▶ [REQUIREMENT] Carry none of the pictures over; write out the complete data exactly.

▶ [MATERIALS PROVIDED]

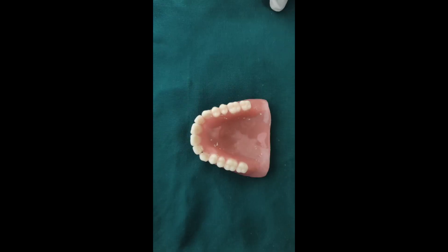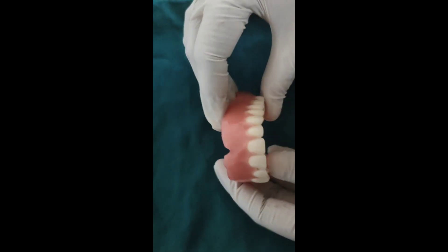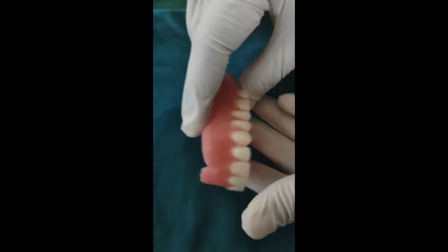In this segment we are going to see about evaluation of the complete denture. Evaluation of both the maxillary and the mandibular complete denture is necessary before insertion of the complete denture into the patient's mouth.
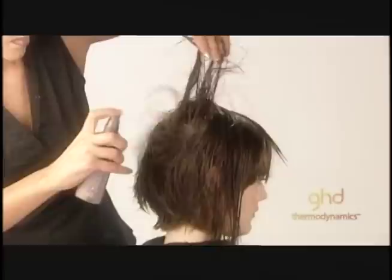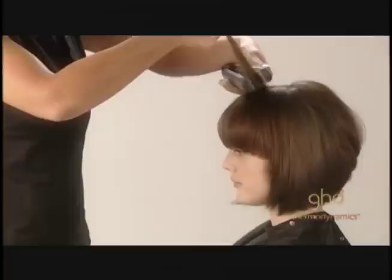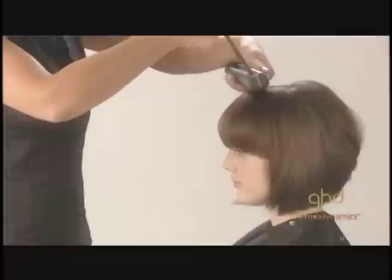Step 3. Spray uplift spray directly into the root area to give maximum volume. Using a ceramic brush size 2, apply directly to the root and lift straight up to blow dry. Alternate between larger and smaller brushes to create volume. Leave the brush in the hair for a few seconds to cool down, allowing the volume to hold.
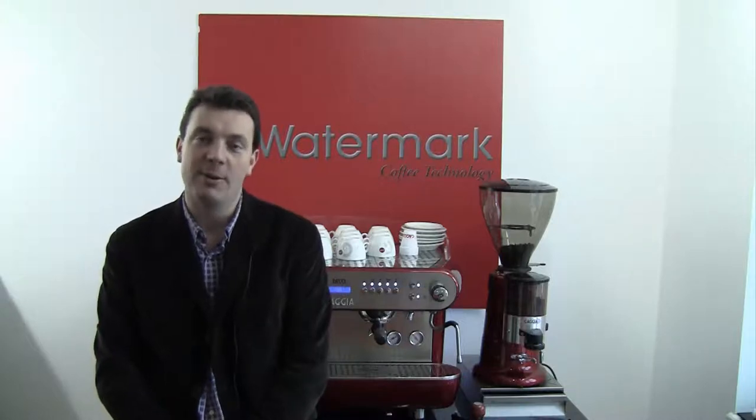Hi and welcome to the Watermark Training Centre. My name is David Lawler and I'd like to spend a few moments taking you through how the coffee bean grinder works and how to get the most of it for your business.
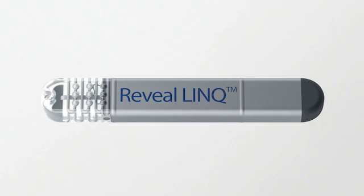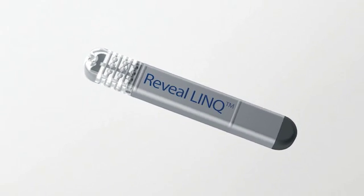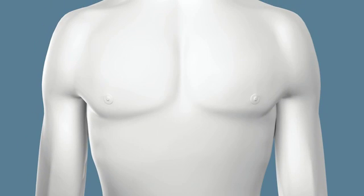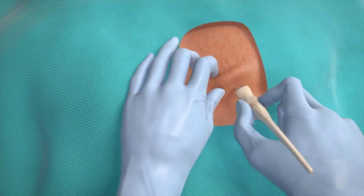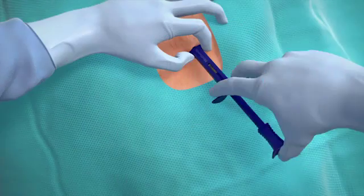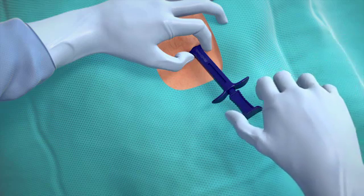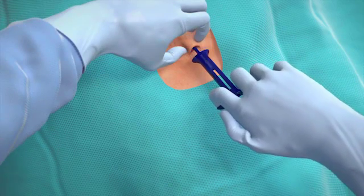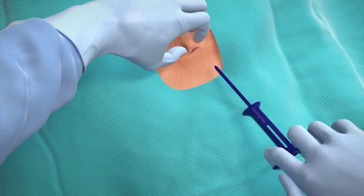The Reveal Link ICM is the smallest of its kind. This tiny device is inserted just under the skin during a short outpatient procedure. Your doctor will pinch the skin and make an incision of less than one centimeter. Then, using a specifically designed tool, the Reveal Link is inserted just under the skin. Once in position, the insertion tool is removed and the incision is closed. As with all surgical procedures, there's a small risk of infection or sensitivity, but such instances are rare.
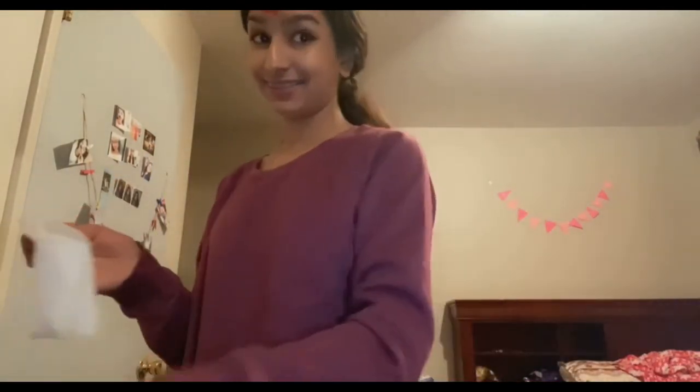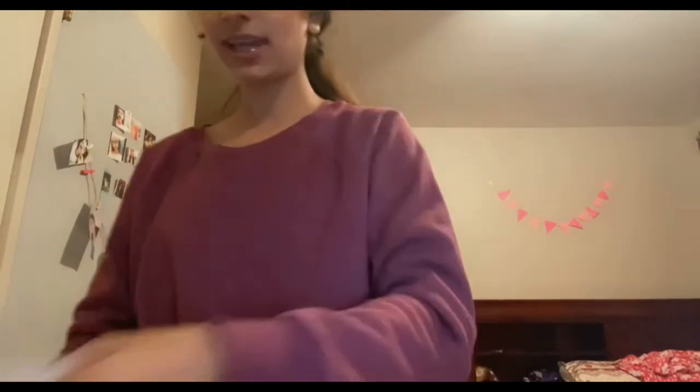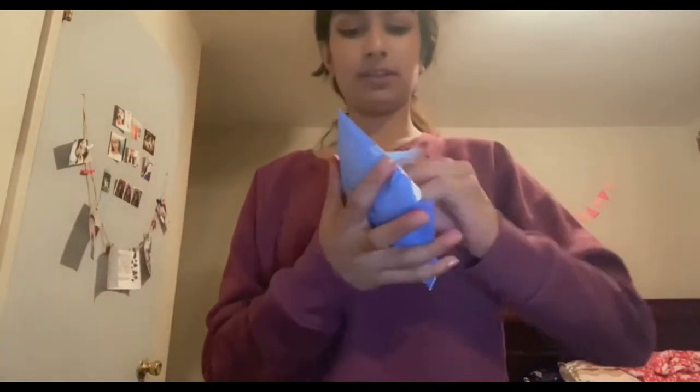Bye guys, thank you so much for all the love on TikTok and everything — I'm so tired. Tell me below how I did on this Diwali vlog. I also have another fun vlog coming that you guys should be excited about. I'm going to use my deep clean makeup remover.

▶ [WRITTEN RESPONSE]
In this segment we are going to see about evaluation of the complete denture. Evaluation of both the maxillary and the mandibular complete denture is necessary before insertion of the complete denture into the patient's mouth.
Step 3. Spray uplift spray directly into the root area to give maximum volume. Using a ceramic brush size 2, apply directly to the root and lift straight up to blow dry. Alternate between larger and smaller brushes to create volume. Leave the brush in the hair for a few seconds to cool down, allowing the volume to hold.
Hi and welcome to the Watermark Training Centre. My name is David Lawler and I'd like to spend a few moments taking you through how the coffee bean grinder works and how to get the most of it for your business.
The Reveal Link ICM is the smallest of its kind. This tiny device is inserted just under the skin during a short outpatient procedure. Your doctor will pinch the skin and make an incision of less than one centimeter. Then, using a specifically designed tool, the Reveal Link is inserted just under the skin. Once in position, the insertion tool is removed and the incision is closed. As with all surgical procedures, there's a small risk of infection or sensitivity, but such instances are rare.
Bye guys, thank you so much for all the love on TikTok and everything — I'm so tired. Tell me below how I did on this Diwali vlog. I also have another fun vlog coming that you guys should be excited about. I'm going to use my deep clean makeup remover.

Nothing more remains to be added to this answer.